Netbird troubleshooting
How to troubleshoot P2P connections with Netbird by testing webrtc connections with golang
Intro
Netbird is a very cool project that makes it easy to set-up a private network. Netbird is open source friendly and they provide a set-up script that lets you set-up netbird on a self-hosted infrastructure very quickly, so that you can play with it. Later you can decide to use the cloud version or continue using self-hosted but with support and enterprise features. Or simply continue with the free self-hosted solution.
At the core of a Netbird VPN network is Wireguard: peers are connected to each other via a wireguard tunnel. To understand wireguard quicky, take the tour (wireguard). Another key technology that makes peer to peer connections possible is Webrtc. With Webrtc, two peers (each one being potentially behind nat devices and firewall) will manage to establish a direct connection, either directly or - in case it is impossible because of the presence of unfriendly NAT devices - via a relay mechanism (using an external server, called a TURN server).
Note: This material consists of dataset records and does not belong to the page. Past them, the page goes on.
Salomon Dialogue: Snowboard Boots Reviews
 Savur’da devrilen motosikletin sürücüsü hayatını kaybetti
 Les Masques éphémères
When a peer join the Netbird VPN, the Netbird client uses webrtc to connect it to the other peers. It will then show you other peers and how they are connected : via a direct P2P connection of via a relyed connection. Sometimes you want to make sure a direct connection is possible, to avoid the overhead of the relay.
Im my infra I was experiencing case where direct P2P connections were not possible, so that all connections were relayed. To troubleshoot the issue, and before asking help to the internal network experts, I decided to study the technology, in particular webrtc because it is at the heart of the connection issue. This turned out to be a super learning opportunity, because webrtc involves STUN/TURN (traversal utilities for NAT) which in turns requires a good understanding of NAT. Netbird being written in Go, they use a popular library called PION. PION is an implementation in Go of the webrtc protocol (which is originally a javascript in the browser framework).
After listening to a lot of videos on youtube, experimenting with webrtc in javascript, looking at the examples in the PION github project, I decided to write my own program in Golang. This was easier than I expected, it gave me a lot of insight on webrtc and let me acquire a few golang patterns in the process.
How to learn and play with webrtc
With webrtc two peers that want to communicate with each other will use a out-of-band communication mechanism (i.e. not part of the webrtc protocol) to exchange connection candidates. Candidates are basically pairs of ip address and udp port. This out- of-band mechanism is a signaling server.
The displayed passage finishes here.